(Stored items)
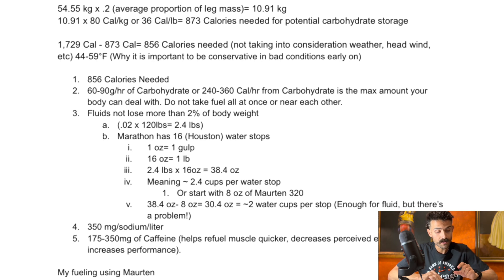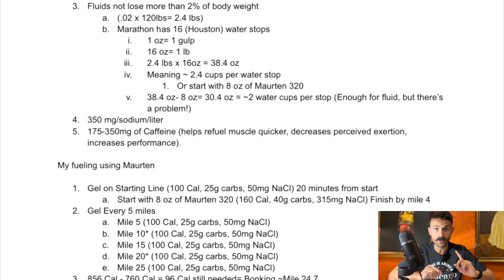One ounce from a pinch cup is about one gulp. There are 16 fluid ounces in a pound, so 2.4 pounds times 16 ounces is 38.4 ounces needed. Divided by 16 water stops, that's about 2.4 cups per stop. However, I'm planning on starting with an 8-ounce bottle of Morton 320. Taking 38.4 ounces minus 8 ounces gives 30.4 ounces remaining, meaning I need about 2 water cups per stop — which is enough for fluid, but there's a problem I'll get to in a sec.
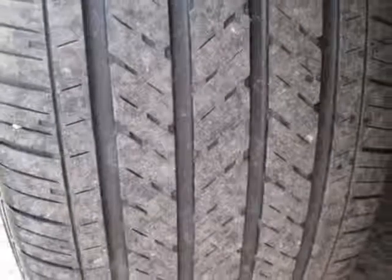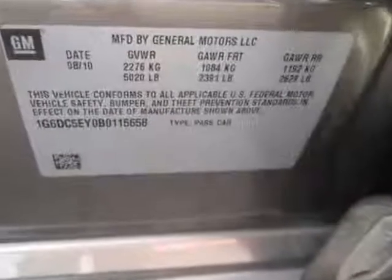Additional options for this vehicle include power driver's seat, satellite radio, climate control, driver airbag, and xenon.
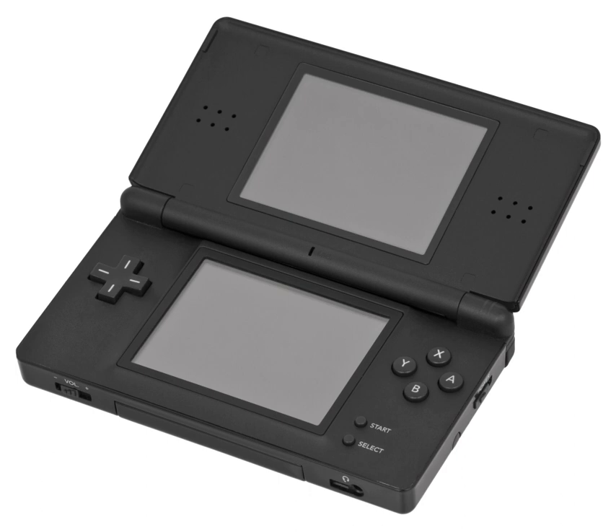On March 28, 2010, Nintendo released the Nintendo DSi XL preloaded with Brain Age Express: Math, Brain Age Express: Arts & Letters, Photo Clock, Flipnote Studio, and Nintendo DSi browser. At the same time, any new Nintendo DSi systems on and after that date will now be preloaded with Flipnote Studio and Nintendo DSi browser.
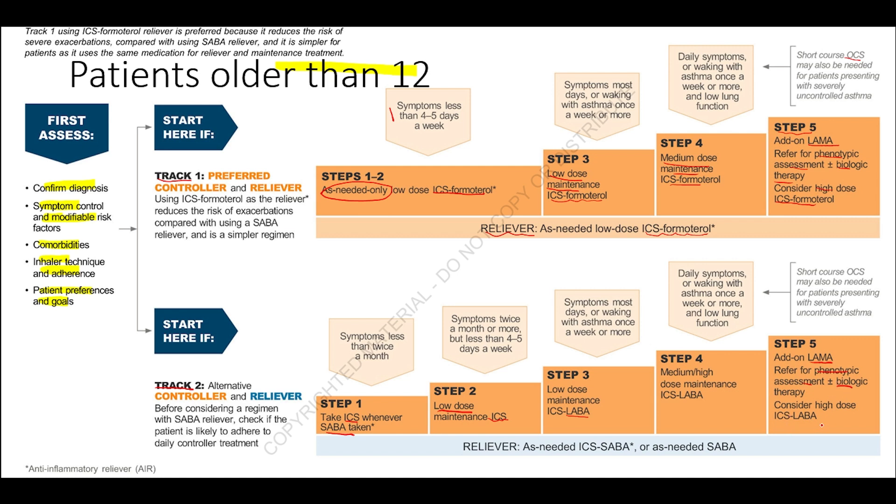Biological therapies such as omalizumab may be added in Track 2 Step 5, or high-dose ICS-LABA may be considered.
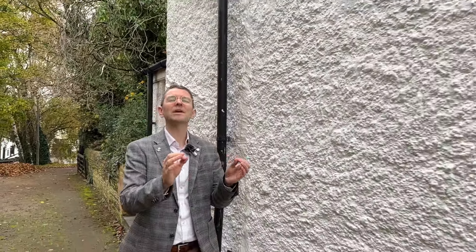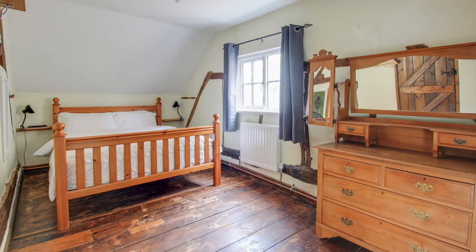Situated here in the beautiful village of Heath and Reach, this semi-detached cottage is Grade 2 listed, so it's absolutely beautiful and will be conserved for years ahead. Upstairs there's two massive bedrooms and downstairs there's two huge reception rooms as well as the kitchen.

- _HOW TO COMPLETE THIS TASK_
Print exactly the lines from the one containing "Biological therapies such" through the last line of the records, both included, and leave out the pictures.

- _RESULT OF THIS TASK_
Biological therapies such as omalizumab may be added in Track 2 Step 5, or high-dose ICS-LABA may be considered.
Situated here in the beautiful village of Heath and Reach, this semi-detached cottage is Grade 2 listed, so it's absolutely beautiful and will be conserved for years ahead. Upstairs there's two massive bedrooms and downstairs there's two huge reception rooms as well as the kitchen.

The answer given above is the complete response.